Besides, who has time to run to the store or wait for an order to be shipped to you nowadays? If I want paleo mayo, I want it here and now! 😉
You don't need much and chances are, you'll have the majority if not all of these ingredients already in your pantry.
I love mixing in different spices like: curry powder, some cayenne, garlic powder or turmeric into my homemade mayos! The possibilities and flavor combinations are endless. Pair it with your breakfast scramble, grilled meat & vegetables or use it as a dip!
What's awesome about this paleo mayo is that it can be used as the base in so many different recipes.

What's the deal with paleo mayo? Why is it all the rage? Before trying this mayo, I was unsold on ever being able to like mayonnaise.
Kraft mayo from the store- no, thank you. The taste comparison is incredibly different, and I'd never find myself dipping vegetables and homemade roasted potatoes in a bottle of Kraft mayonnaise.
However, I find myself slathering this goodness all over everything: I'm talking about scrambled eggs, roasted vegetables, chicken, etc.
The customization options are truly endless and you get to control how acidic or salty your mayonnaise tastes! Make it your own.

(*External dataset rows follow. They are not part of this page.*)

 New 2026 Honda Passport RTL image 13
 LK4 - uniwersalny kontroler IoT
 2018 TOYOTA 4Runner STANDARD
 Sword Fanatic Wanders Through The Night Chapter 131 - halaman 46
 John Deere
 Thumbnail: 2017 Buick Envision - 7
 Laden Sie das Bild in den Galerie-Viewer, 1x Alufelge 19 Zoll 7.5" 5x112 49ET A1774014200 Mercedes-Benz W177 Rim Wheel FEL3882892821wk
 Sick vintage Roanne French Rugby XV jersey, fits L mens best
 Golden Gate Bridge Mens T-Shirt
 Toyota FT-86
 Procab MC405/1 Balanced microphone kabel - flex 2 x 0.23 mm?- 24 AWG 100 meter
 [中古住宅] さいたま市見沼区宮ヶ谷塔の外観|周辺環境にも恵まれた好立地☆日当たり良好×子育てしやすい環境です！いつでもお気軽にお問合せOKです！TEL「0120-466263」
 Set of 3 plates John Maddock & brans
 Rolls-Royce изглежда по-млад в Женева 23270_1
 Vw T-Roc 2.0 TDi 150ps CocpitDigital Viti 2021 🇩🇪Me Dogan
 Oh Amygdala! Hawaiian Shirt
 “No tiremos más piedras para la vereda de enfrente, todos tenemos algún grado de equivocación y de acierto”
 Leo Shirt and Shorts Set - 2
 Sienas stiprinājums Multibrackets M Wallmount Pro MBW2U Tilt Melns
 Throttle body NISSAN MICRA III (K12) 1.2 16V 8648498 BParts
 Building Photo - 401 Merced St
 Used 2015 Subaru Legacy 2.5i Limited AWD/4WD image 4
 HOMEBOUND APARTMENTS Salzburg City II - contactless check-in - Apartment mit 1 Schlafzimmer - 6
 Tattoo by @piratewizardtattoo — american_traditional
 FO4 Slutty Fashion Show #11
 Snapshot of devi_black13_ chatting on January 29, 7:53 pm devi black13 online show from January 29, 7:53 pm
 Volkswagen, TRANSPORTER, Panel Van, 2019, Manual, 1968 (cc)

Troubleshooting and frequently asked questions
Do I need to use mustard? You can make paleo mayonnaise without mustard, but it's important to note that mustard is one of the fail-safes I have added to this recipe to ensure proper emulsification.
Is it safe to consume raw eggs? I highly recommend purchasing from a farm or buying a brand at the market that you trust. Try to purchase organic, pastured eggs if at all possible. Be sure to keep your eggs refrigerated at all times.
Can I use olive oil instead? I would encourage you not to unless you can find a light-tasting olive oil. Otherwise, the pungent flavor will take over and you most likely will really not like the taste of the mayo.
What if I don't own an immersion blender? If it is in the budget to purchase one, please do yourself and go for it. If you don't want to buy one or don't own one, I've provided a tutorial for you to use a food processor or blender instead right here.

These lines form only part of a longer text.